Talking to Peter Tatchell is like trying to get blood from a stone, which is surprising considering he has so much to say. Like all successful campaigners, Tatchell has an agenda and a ruthless knack for shaping his media coverage, something that he does not fail to implement in this particular instance in the plush environs of one of the Union’s reception rooms.

Born in Australia in 1952, Tatchell escaped conscription to the Vietnam War in 1971, coming to England on the eve of the Gay Liberation Front movement in which he became a prominent member. Finishing his education in London, Tatchell became a freelance journalist focusing on foreign news, before 22 years of involvement in Labour politics during which he was defeated as the Labour candidate in the 1983 Bermondsey election.

In 1990 Tatchell became one of the founding members of Outrage!, the controversial LGBT social movement campaigning group, known for their extreme publicity stunt-style campaigns such as ‘FROCS’ (Faggots Rooting Out Closeted Sexuality) and their work on confronting religious homophobia in the Church of England. Tatchell’s involvement in this group brought him to the fore of LGBT rights activism in the UK and his glittering array of awards, including last year’s Liberal Voice of the Year Award, are a testament to his influential status. Tatchell, as I soon discovered, is a person who cannot fail to make a noise: that is, after all, his job.

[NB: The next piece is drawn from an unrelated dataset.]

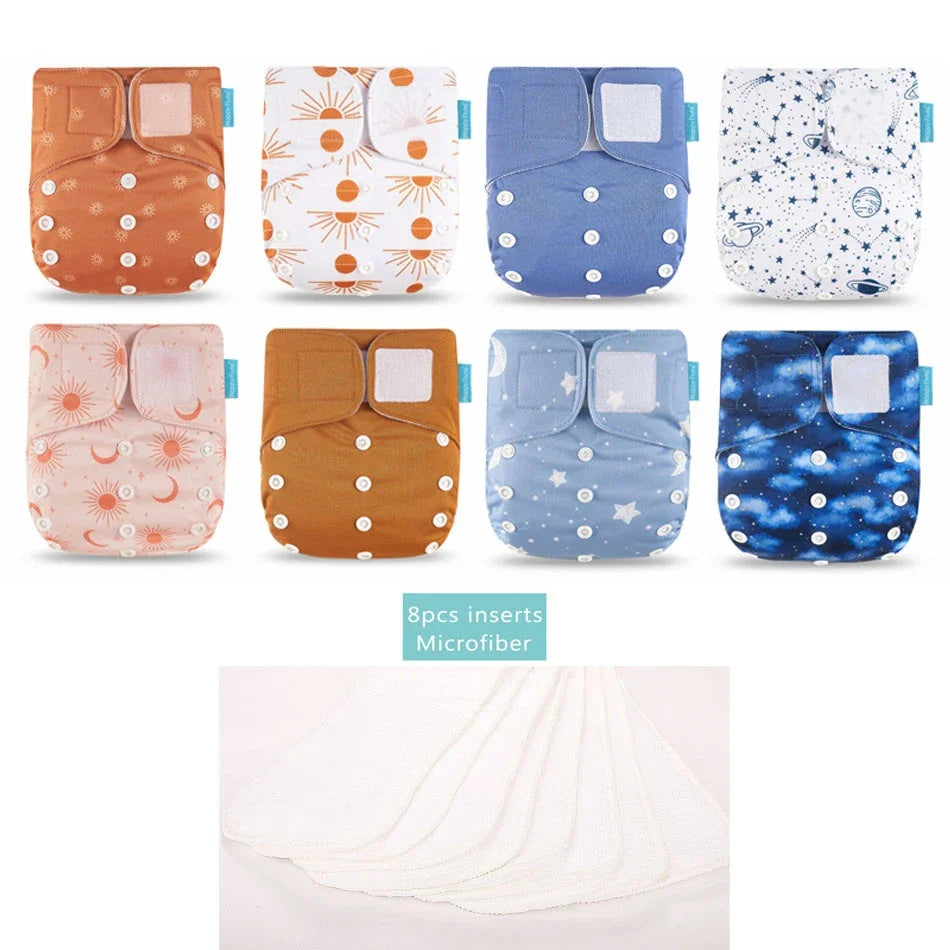 Set of 8 reusable cloth diapers with celestial patterns and 8 microfiber inserts for baby care.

One of the few topics that Tatchell is keen to talk to me about is his Equal Love campaign which began on Tuesday 2nd November. In this campaign, eight couples – four same-sex couples and four heterosexual couples – will file applications for civil marriages and civil partnerships respectively at their local register offices.

Every week until December 14 one couple will make an application. Tatchell is "confident" that, following the register offices’ letter of refusal which will be used as evidence in court at a later stage, "the twin bans on same-sex civil marriage and opposite-sex civil partnerships will eventually be declared unlawful". The first of the eight same-sex and heterosexual couples to challenge the UK’s marriage laws, Rev. Sharon Ferguson and her partner Franka Streitzel, have already been denied permission to marry in Greenwich.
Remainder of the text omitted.